Author’s Note: Portions of this article previously appeared in a 2010 article of the Utah Trial Lawyer’s Journal titled “Protecting the Settlement Recovery: Planning Options for Settlement Recipients and their Attorneys”. 

ABOUT THE AUTHORS
John Wylie is of counsel with Tombs Maxwell LLP, a multi-state law firm that deals with the legal and financial issues that arise at the time of settlement. Mr. Wylie is a member the OU College of Law class of 1997. He lives and practices in Norman.

Joseph Tombs serves as a settlement-planning attorney in Lubbock, Texas. Mr. Tombs has a focus in financial and tax planning for recipients of tort settlements. He is a founding member of Amicus Settlement Planners LLC, Amicus Financial Advisors LLC and Tombs Maxwell LLP.

Greg Maxwell of Tombs Maxwell LLP focuses his practice on settlement planning and special-needs planning for injury victims and provides consulting services to law firms regarding Medicare secondary payer compliance. Mr. Maxwell is a certified financial planner and founded Amicus Settlement Planners LLC, a plaintiff-loyal structured settlement planning firm, in 2004.
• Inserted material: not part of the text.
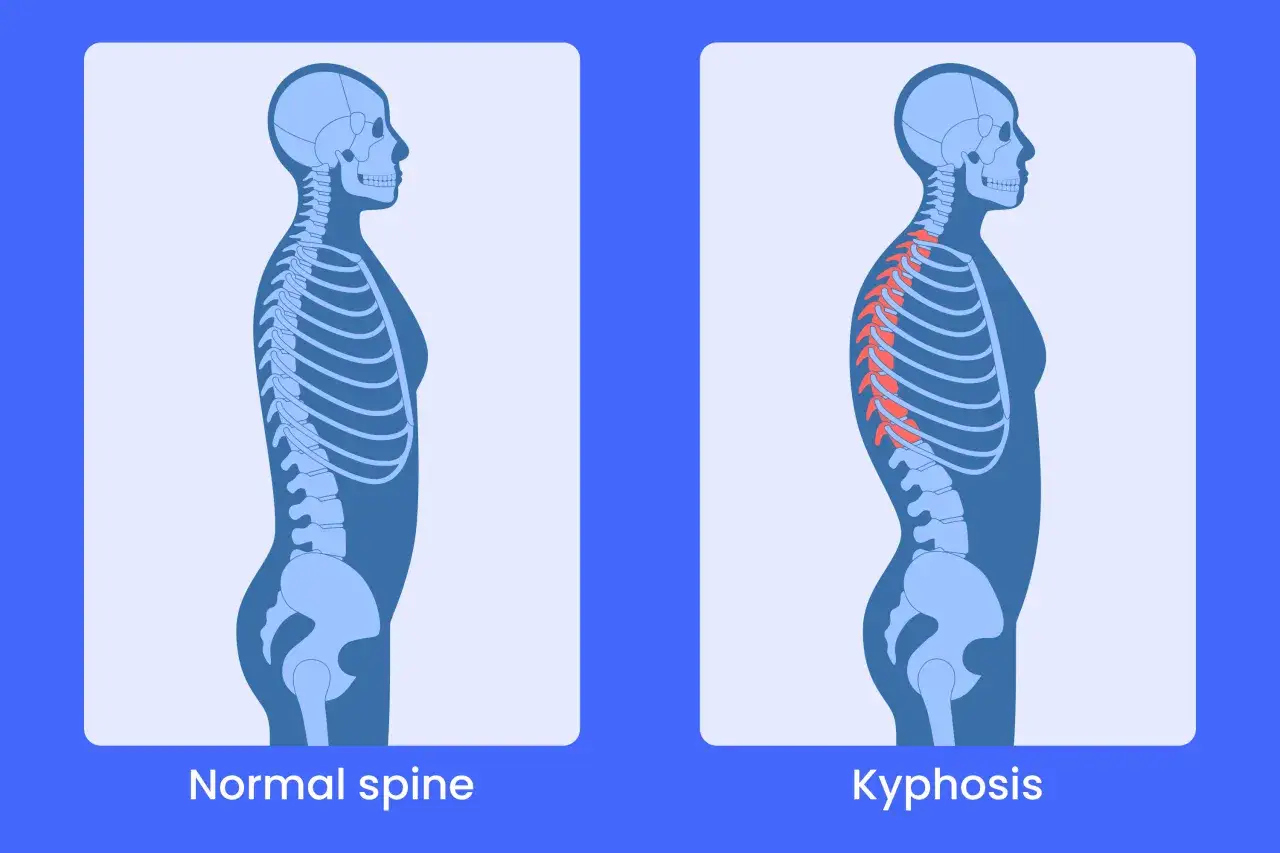 Comparaison de la colonne vertébrale : une posture normale et une cyphose dorsale accentuée, où le dos est courbé.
1. See, Oklahoma Rules of Professional Conduct, Rule 2.1, Comments 4 and 5.
2. State ex rel. Oklahoma Bar Association v. Friesen, 2016 OK 109, 384 P.3d 1129.
3. Cordell, D.M. and J.W. Tombs, “Planning Considerations for Personal Injury Settlement Recipients,” Journal of Financial Planning, January 2005, pp. 26-28.
4. I.R.C. §5891 (2002).
5. I.R.C. §5891(b)(2)(A)(ii) (2002).
6. 12 O.S. §3238 et seq.
7. I.R.C. §5891(a) (2002).
8. E.g., Grillo v. Henry, 96th Dist. Ct, Tarrant Co. (Tex.) and Grillo v. Pettiette, et al., 96th Dist. Ct. Tarrant Co.
9. E.g., Lyons v. Medical Malpractice Insurance Association, 730 N.Y.S.2d 345, 286 A.D.2d 711 (N.Y. App. Div. 2001) and Macomber v. Travelers Property and Casualty Corporation, 260 Conn. 620, 804 A.2d 180 (Sept. 3, 2002).
10. Oklahoma Rules of Professional Conduct, Rule 2.1, Comments 4 and 5.
11. Additionally, in negotiating any settlement, a plaintiff’s attorney should be mindful that most insurance companies will want to service any resulting structured settlement or annuity themselves, or through some subsidiary of the insurance company. Annuities are financial investments that are regularly sold to the public, and which are offered on a basis that makes money for the annuity provider. In negotiations, the attorney should be aware that the “face value” of an annuity may represent the “retail” cost of the annuity, where the settlement payor may be purchasing it at “cost” from itself or its wholly-owned subsidiary.
12. Most personal injury attorneys do not have errors and omissions liability coverage for financial and tax advice. Referring clients to independent financial and/or tax professionals helps ensure that the client is educated, and the personal injury attorney is protected from potential liability regarding the financial and tax aspects of the settlement.
13. Make sure that any professional you introduce has experience with injury victims and the proper credentials and education. The Certified Financial Planner (CFP®) designation and membership in the Society of Settlement Planners are good indications of competence and experience in the field. The Society of Settlement Planners is a national group of attorneys and settlement planners dedicated to protecting Plaintiff’s rights and interests in financial matters.